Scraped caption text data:
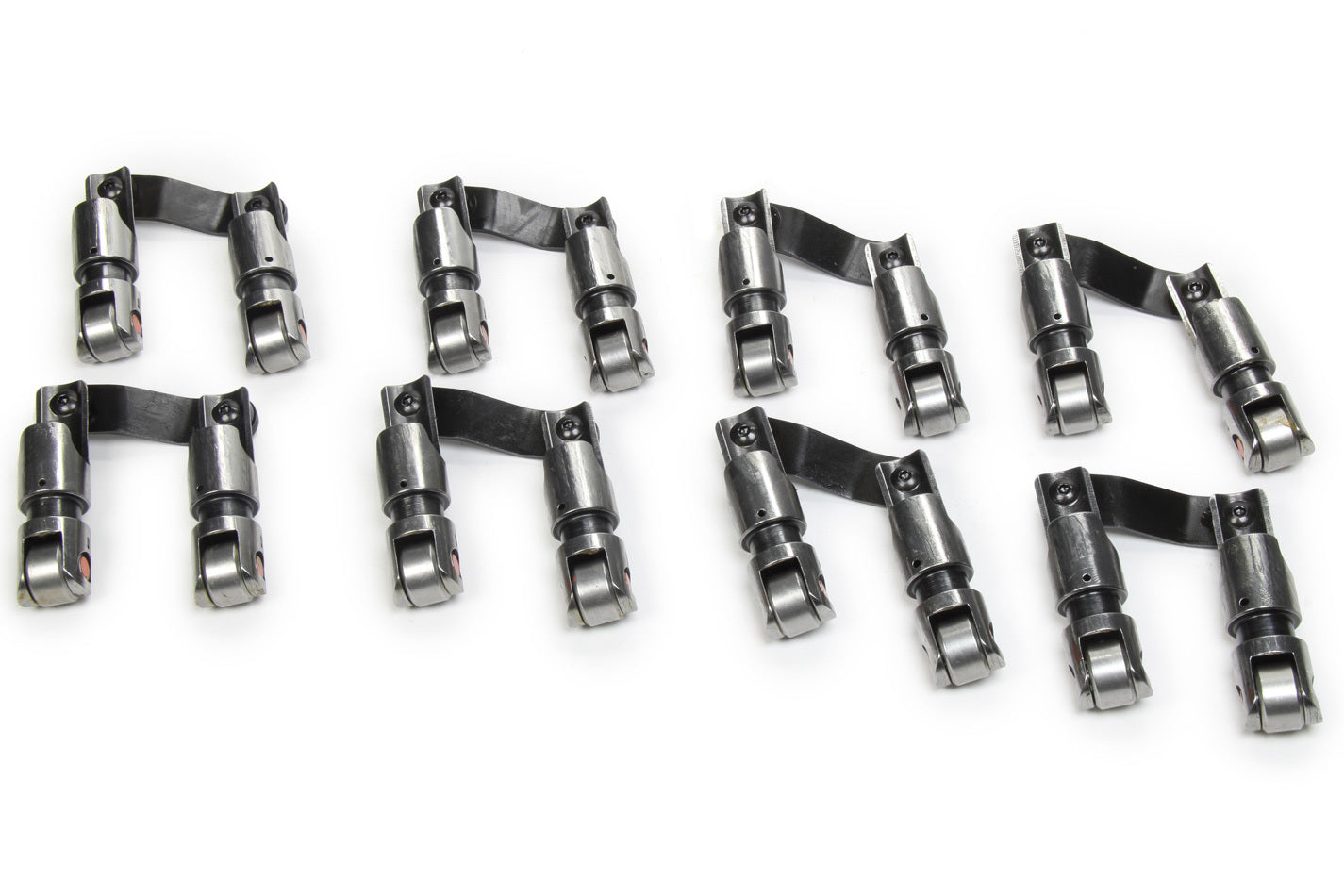 Isky Cams BBC Roller Lifter Set EZ-Max MPN ISK37296RHMEZMAX For Chevy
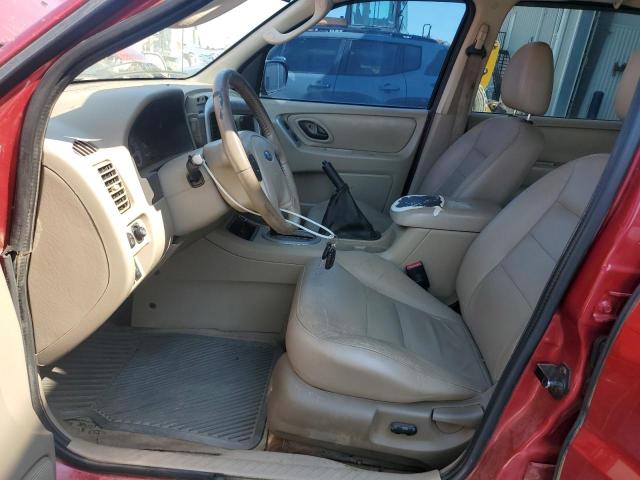 Продажа на аукционе авто 2007 Ford Escape, vin: 1FMYU931X7KA16328, номер лота: 69846235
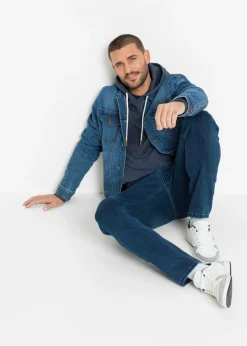 Sudadera con capucha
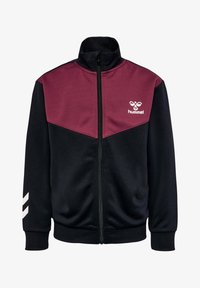 Ausgewählt, caviar crushed violets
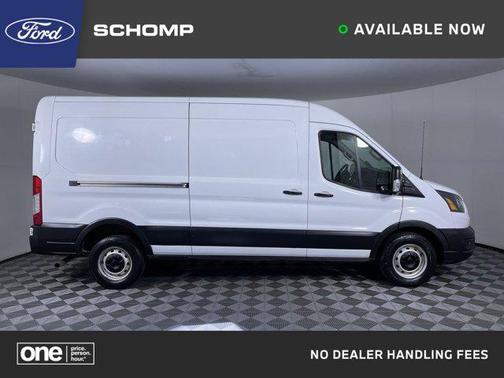 2021 Ford Transit-250 Base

▶ Exercise prompt
Leave out the pictures, and write out exactly the lines from the line containing "Sudadera con capucha" through the end of the records above.

▶ Response
 Sudadera con capucha
 Ausgewählt, caviar crushed violets
 2021 Ford Transit-250 Base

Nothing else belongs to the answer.